Terror Trial Nears For Former Georgia Tech Student

May 31, 2009 by national  
Filed under Homeland Security News

Syed Haris Ahmed was a terrorist wannabe. He’s already admitted to that.

The former Georgia Tech student contemplated an attack on Dobbins Air Reserve Base, but didn’t carry it out. He traveled to Pakistan hoping to die a martyr fighting alongside brother jihadists — but changed his mind and returned home. He took almost laughably bad “casing videos” of Washington landmarks, taping surreptitiously through his pickup truck window in a city where tourists overtly take pictures of everything.

Syed Haris Ahmed agreed to a nonjury trial so he can deliver what he calls ‘the message of Islam’ during closing arguments.

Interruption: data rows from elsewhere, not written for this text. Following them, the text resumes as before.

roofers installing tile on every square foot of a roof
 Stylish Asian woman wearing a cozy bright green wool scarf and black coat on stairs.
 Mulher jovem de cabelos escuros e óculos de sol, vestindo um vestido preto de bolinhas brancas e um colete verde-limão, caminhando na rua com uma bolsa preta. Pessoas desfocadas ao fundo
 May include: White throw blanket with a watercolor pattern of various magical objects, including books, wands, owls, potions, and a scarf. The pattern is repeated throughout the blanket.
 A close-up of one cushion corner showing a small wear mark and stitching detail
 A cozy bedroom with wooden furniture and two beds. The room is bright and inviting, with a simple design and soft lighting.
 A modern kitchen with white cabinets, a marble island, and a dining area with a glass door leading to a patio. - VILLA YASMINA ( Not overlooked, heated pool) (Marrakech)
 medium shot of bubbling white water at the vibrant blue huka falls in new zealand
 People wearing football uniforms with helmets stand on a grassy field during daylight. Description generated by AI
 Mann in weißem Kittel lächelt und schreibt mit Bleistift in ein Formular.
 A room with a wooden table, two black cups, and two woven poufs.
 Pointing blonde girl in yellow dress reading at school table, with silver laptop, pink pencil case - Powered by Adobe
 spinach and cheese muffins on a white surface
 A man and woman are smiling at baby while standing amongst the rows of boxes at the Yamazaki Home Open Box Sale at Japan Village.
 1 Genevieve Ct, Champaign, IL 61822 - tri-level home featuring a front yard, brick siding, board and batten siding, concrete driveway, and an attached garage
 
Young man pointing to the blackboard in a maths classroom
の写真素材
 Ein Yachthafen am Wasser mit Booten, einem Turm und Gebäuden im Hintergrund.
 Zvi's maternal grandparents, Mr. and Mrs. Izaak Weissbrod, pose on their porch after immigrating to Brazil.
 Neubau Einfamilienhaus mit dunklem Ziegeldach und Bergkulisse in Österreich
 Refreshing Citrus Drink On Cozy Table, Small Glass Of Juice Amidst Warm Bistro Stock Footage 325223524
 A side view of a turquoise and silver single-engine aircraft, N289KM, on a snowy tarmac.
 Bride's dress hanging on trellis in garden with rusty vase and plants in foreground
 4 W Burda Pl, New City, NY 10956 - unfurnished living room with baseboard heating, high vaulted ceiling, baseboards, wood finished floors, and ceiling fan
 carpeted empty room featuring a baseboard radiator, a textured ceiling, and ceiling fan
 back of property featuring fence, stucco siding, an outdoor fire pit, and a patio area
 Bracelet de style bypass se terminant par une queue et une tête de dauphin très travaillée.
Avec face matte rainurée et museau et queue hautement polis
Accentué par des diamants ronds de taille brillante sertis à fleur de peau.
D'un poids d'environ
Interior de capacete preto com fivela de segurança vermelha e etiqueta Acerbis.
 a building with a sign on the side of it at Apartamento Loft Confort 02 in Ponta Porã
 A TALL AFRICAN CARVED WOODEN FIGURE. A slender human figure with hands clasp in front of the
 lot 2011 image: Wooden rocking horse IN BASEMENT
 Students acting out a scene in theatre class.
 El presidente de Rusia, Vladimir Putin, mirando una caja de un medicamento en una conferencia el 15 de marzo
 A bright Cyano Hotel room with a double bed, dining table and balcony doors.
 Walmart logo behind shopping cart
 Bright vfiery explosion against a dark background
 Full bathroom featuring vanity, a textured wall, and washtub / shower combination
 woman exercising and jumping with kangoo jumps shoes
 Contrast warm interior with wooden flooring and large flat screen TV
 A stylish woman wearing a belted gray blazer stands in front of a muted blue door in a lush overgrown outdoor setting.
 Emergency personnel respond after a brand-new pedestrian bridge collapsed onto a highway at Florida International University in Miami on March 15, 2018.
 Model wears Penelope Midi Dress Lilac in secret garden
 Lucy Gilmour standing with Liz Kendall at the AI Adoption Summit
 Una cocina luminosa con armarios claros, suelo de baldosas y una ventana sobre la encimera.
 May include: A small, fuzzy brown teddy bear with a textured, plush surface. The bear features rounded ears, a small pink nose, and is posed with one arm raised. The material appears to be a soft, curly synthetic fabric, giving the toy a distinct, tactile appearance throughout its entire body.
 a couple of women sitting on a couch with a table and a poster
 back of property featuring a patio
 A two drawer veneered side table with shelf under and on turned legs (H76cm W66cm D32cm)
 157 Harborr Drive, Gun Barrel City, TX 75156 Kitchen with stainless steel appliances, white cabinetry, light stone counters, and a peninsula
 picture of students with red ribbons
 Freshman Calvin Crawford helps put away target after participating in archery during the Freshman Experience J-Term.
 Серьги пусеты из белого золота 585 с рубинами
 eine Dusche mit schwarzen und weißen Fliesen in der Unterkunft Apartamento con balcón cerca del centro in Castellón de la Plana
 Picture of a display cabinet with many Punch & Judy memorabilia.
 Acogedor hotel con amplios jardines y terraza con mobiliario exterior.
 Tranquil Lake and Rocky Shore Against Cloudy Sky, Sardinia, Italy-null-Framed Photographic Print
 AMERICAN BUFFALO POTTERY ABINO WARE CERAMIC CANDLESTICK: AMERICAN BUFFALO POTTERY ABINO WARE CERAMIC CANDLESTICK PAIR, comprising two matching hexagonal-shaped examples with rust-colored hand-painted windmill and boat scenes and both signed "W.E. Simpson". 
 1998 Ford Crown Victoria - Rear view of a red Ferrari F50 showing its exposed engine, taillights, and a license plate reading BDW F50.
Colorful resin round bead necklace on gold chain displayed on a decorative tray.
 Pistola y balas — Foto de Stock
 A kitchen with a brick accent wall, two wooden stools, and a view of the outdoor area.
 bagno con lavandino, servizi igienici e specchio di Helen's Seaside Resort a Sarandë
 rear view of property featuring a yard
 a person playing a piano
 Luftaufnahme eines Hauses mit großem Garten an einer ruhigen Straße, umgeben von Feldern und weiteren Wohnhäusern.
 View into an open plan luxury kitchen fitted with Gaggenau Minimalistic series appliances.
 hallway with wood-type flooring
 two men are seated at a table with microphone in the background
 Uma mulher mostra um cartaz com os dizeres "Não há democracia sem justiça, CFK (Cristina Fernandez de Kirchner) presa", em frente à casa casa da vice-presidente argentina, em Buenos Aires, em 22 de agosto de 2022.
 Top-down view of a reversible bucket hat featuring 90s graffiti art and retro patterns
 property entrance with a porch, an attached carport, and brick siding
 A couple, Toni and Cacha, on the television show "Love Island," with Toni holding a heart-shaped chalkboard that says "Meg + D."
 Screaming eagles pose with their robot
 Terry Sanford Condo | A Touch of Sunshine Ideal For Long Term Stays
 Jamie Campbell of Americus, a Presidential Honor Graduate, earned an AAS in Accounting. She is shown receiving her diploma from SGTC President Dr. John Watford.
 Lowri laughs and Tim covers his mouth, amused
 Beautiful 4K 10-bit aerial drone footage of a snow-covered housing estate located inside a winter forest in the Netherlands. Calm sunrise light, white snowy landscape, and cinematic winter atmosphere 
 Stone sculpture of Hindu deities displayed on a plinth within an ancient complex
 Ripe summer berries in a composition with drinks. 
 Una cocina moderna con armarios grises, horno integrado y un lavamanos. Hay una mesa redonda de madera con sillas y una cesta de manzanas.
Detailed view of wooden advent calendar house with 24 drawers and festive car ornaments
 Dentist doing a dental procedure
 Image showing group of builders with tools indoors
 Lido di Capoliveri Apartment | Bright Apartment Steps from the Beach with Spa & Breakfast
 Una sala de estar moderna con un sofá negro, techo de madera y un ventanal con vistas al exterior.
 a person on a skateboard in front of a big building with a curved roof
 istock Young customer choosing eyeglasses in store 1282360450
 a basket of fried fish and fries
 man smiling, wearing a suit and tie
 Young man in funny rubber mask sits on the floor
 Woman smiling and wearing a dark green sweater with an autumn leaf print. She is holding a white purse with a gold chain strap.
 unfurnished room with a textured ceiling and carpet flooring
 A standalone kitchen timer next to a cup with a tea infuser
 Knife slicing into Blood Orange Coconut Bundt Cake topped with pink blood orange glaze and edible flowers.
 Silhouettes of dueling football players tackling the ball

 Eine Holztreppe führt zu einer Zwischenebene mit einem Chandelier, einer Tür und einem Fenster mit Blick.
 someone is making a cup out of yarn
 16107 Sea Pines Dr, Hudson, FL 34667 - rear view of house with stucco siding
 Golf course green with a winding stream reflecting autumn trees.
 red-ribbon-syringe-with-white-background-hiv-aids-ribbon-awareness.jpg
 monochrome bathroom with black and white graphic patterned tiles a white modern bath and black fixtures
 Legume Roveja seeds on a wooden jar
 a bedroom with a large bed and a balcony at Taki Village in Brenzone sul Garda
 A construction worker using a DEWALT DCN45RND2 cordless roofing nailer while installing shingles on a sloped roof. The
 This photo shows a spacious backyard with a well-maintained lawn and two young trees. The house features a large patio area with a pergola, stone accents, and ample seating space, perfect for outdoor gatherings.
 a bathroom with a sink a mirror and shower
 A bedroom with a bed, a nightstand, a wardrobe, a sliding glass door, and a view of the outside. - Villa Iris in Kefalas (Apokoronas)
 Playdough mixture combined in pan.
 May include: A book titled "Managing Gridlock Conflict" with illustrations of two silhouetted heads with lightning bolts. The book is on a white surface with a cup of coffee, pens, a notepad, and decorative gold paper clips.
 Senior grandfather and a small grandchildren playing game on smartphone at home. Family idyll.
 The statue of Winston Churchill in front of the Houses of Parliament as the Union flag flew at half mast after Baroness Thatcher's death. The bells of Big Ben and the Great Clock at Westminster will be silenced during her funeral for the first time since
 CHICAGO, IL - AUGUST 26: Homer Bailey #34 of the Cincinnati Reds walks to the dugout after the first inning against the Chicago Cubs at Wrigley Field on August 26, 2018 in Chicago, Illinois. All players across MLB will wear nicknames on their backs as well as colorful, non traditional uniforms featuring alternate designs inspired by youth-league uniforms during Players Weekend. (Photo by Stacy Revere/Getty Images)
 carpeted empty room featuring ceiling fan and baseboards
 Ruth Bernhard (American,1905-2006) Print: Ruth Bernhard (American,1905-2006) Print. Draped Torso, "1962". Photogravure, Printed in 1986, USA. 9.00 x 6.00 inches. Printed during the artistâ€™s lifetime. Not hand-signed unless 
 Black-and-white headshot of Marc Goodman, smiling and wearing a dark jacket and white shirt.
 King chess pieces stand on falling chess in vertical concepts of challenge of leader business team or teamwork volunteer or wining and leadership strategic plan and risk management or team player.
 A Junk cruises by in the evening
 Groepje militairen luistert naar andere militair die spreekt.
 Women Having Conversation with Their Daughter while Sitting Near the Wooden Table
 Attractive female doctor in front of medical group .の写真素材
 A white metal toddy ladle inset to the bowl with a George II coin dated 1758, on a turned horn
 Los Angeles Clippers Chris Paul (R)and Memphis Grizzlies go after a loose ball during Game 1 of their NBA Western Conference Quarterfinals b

Was he all talk? Or was he, as federal prosecutors suspect, a time bomb that simply hadn’t gone off yet?

On Monday, after three years in solitary confinement at the Atlanta Federal Penitentiary, Ahmed will stand trial for conspiracy to provide support for acts of terrorism in the United States and abroad. There will be no jury, and there seems little doubt about the verdict because during interviews with federal agents Ahmed helped outline the case against him.

Ahmed, 24, evinces scant concern about the judgment of a temporal court, saying the only laws that matter are the laws of Allah. He agreed to a bench trial so he can deliver what he calls “the message of Islam” during closing arguments.

“It is the duty of every Muslim to deliver the message of God to mankind,” he said in a neatly handwritten motion filed recently. “I hope that Allah will be pleased with this act of mine and forgive me on the Day of Judgment when only He will be the Judge of all mankind.”

In his motion, which quotes from the Quran, Ahmed said he cannot be a “true and loyal servant of God” by arguing for his acquittal because that would be tantamount to accepting the legitimacy of man-made laws.